Once I got in for free I could not shake this feeling that it was not over. The program began and the announcer women said, 'Who has never been to Porchlight before?' I raised my hand. She continued, 'Ok, be sure to put your name in the hat at the break and you could be chosen to present a three minute story.' My stomach grew wings and fluttered into my throat, bumping into my heart along the way. I knew this was why my gut was still tugging at me. As Derrick Brown took the stage I began milling over what story I could share about Reinvention: Stories of the New Me, which was the theme of the night. Luckily Mr. Brown was a hilarious and charismatic speaker, otherwise my mind would have been wrapped up in my own stories and I would have basically missed the show.
After two more stories the break came. I took myself into the lobby and hesitantly searched for The Hat. I found the announcer lady and put our names in. I noticed there wasn't actually a hat in the vicinity, and she did not ask for our last names which lead me to believe the odds were pretty good, or bad, depending on how you look at it. I resumed my seat on the floor and Molly and I discussed which story we would tell if given the chance. My choice was not extremely relevant to the topic, but a hilarious bit about loosing our dingy in the Bahamian Islands. At this point I had no idea what to expect...my gut had told me to get my name in, and I was excited to tell a story, but nervous as hell because there were some important literary faces in the crowd, including Kelly Beardsley who has been on NPR's This American Life. I sipped my Negro Modelo while the ladies introduced the second half. Then the moment of truth arrived...she shoved her hand into a long thin box and pulled out a tiny white sheet of paper, stepped to the microphone and said, 'Megan'. I sprang up, took off my hoodie and scarf, grabbed my beer and marched up to the stage. The adrenaline was bubbling up into my eyes and I don't remember seeing the ladies when I got up there, or the audience. I bent down, place my beer on the floor among the black cords, stood up and uttered, 'You gotta be fucking kidding me.' I think that got a laugh out of the crowd. Next I thanked Joe, the stranger, for the free entrance, but I think he had left.

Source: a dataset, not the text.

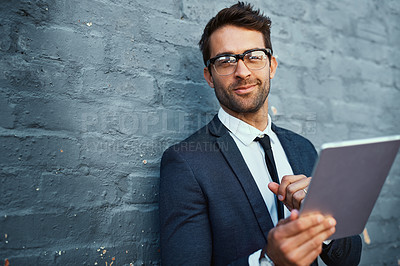 Buy stock photo Tablet, businessman and portrait with confidence, pride and suit as accountant finance agency. Male person, financial consultant and researching for investment opportunity with tech on gray wall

I launched into my story by saying, 'My friend Molly's birthday is today, so I'm going to tell a story about us. Once upon a time we were living on a boat in the Bahamian Islands...' I tried to remember to breath as I spoke, and pause when I thought they might be laughing, and explain the details that mattered. I remember constantly looking over at Molly as I spoke trying to pretend we were just chatting over a beer. Eventually the adrenaline level lowered out of my eyes and I could see the crowd a little bit through the blinding lights. They looked like a big group of children with wide eyes and jaws hanging open. It was just this sea of eyeballs. That was the best part, when I could finally see the crowd, when it almost did feel like we were all sitting on a dimly lit porch just shootin' the shit. Then the piano began to chime in, which meant my time was up, and I concluded my story by saying, 'all they could see was my giant white ass!' I thanked the crowd, bowed as I retrieved my beer, and left the stage smiling. The hundred or so onlookers slapped their hands together, and I sat down realizing that I had little to no idea what I had just said.